All lines from the line containing "2012 Audi A3" up to and including the last line of the entries must be written out exactly, with no others.
(Given records begins)
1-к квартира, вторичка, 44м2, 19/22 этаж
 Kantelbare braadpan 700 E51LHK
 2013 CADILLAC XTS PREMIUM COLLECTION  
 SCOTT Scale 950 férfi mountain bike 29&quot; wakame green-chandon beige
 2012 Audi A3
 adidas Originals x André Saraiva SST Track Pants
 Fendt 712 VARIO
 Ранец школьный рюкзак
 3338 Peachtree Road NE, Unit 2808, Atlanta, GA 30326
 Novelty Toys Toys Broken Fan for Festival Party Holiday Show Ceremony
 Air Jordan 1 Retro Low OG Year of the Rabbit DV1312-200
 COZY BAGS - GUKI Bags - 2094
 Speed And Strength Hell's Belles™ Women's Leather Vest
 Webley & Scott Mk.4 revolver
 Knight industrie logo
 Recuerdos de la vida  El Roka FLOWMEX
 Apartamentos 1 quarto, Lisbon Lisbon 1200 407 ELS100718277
(Given records ends)
- Answer section:
 2012 Audi A3
 adidas Originals x André Saraiva SST Track Pants
 Fendt 712 VARIO
 Ранец школьный рюкзак
 3338 Peachtree Road NE, Unit 2808, Atlanta, GA 30326
 Novelty Toys Toys Broken Fan for Festival Party Holiday Show Ceremony
 Air Jordan 1 Retro Low OG Year of the Rabbit DV1312-200
 COZY BAGS - GUKI Bags - 2094
 Speed And Strength Hell's Belles™ Women's Leather Vest
 Webley & Scott Mk.4 revolver
 Knight industrie logo
 Recuerdos de la vida  El Roka FLOWMEX
 Apartamentos 1 quarto, Lisbon Lisbon 1200 407 ELS100718277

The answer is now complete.